EVA YERBABUENA: "NO CONSIDERO EL PREMIO MÍO"
Tras ser distinguida con el Premio Nacional
de Danza, la bailaora reflexiona sobre el baile y su carrera
Fermín Lobatón
De siempre, en la trayectoria de Eva Yerbabuena se daba un curioso fenómeno.
Ella era la favorita de todos los compañeros, de gran parte de la crítica
y de todo buen aficionado que se preciara. Pero, de manera sorprendente, no pasaba
por una figura especialmente popular. Su trayectoria artística parecía
correr de manera tan seria como callada, de la misma y exacta forma que ella discurre
por la vida. Una mención de tales características pudiera entonces
producir una convulsión en su sobriedad, pero no. A unas semanas ya de
la concesión del premio, la bailaora mantiene la impasibilidad del día
en que se lo comunicaron. Para ella fue ante todo una sorpresa y todavía
lo sigue siendo.
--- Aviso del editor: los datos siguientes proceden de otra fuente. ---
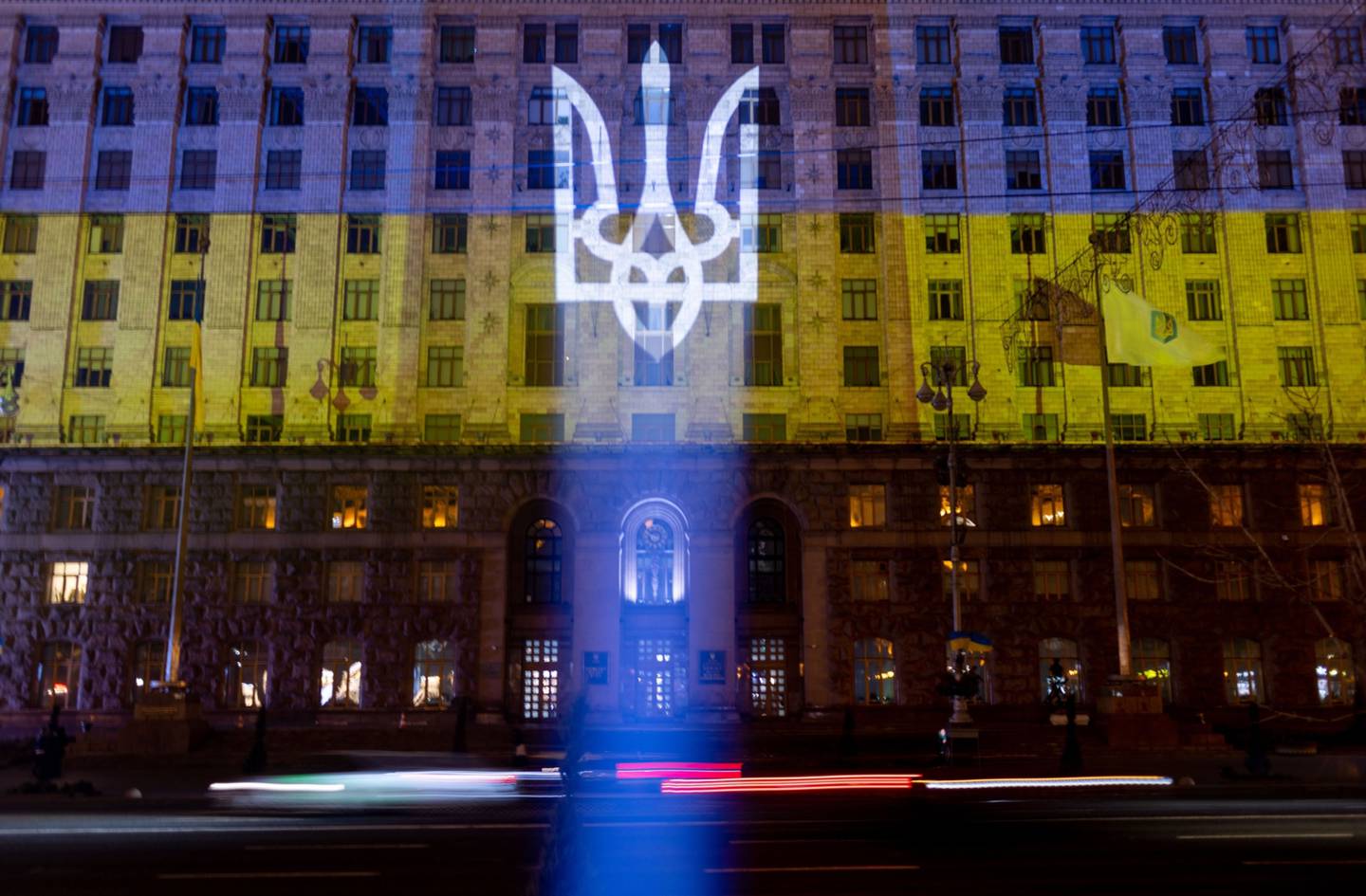 El escudo de armas y la bandera nacional de Ucrania se proyectan en un edificio durante un "Día de la Unidad" en Kiev, Ucrania, el miércoles 16 de febrero de 2022.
Visitarla en el pueblo sevillano donde reside supone reencontrarse
con la misma chica de siempre, la que se preocupa por el arte y reflexiona en
voz alta sobre su trabajo sin tener en cuenta las cuitas y deberes del éxito.
Fiel a su trayectoria y a su modo de actuar, insiste en lo de sorpresa.

Eva Yerbabuena
¿Por qué? ¿Es que no te sentías bien tratada
por la crítica o las instituciones?
De la crítica es de lo que menos me puedo quejar. Y de las instituciones...
pues están ahí, y tampoco van a venir a tu casa a ver qué
pasa. También entiendo que soy una persona súper tímida y
no me gusta molestar a nadie. Paso las fatigas más grandes cuando tengo
que ir a pedir, pero con el tiempo vas viendo que el que no llora no mama, y mira
que nos lo han dicho veces. La sorpresa viene porque sencillamente nunca había
pensado que yo pudiera estar ahí, ni por asomo. Por ejemplo, cuando hemos
tenido que rellenar lo de los premios Max; lo rellenábamos pero tampoco
era muy partidaria. Quizás porque estoy demasiado en lo mío, no
me preocupo de otras cosas y, de alguna manera, pienso que tampoco esa es la función
del artista. De todas formas, de todo lo que supone el premio me quedo con la
cantidad de gente que se alegró y me llamó. Yo me quedé como
cuando te da una congestión y no te puedes mover, pero lo demás,
lo de los compañeros, fue de lo más emotivo.
La denominación del premio es Nacional de Danza. ¿Crees que
ello ennoblece al baile flamenco?
Si hay algo del premio que me hace sentir orgullosa es por el flamenco. Porque
ya es una satisfacción grande saber que hay quien sigue tu trayectoria
y la reconoce. Pero, también, y por supuesto es por el flamenco, que este
año además se ha llevado el premio de la música con Carmen
Linares. Es que hay un momento en el que ya no lo miras como algo tuyo. Yo no
considero el premio mío, porque no lo es. Siempre he querido ser honesta
conmigo mismo y ahí no quiero cambiar. El que yo haga lo que estoy haciendo
no es porque haya nacido con ese don. Uno va aprendiendo de otras personas, desde
figuras consagradas a gente que no es conocida, y yo siempre he tenido la suerte
de estar rodeada de gente que me ha enseñado - tanto en el plano artístico
como en el personal- el flamenco que yo ahora expreso en el escenario. Además
de eso pienso que hay un maestro que es el más grande que puedas tener
y es el tiempo, porque cuando empiezas con doce años no puedes pensar ni
sentir como cuando tienes treinta y uno como tengo ahora.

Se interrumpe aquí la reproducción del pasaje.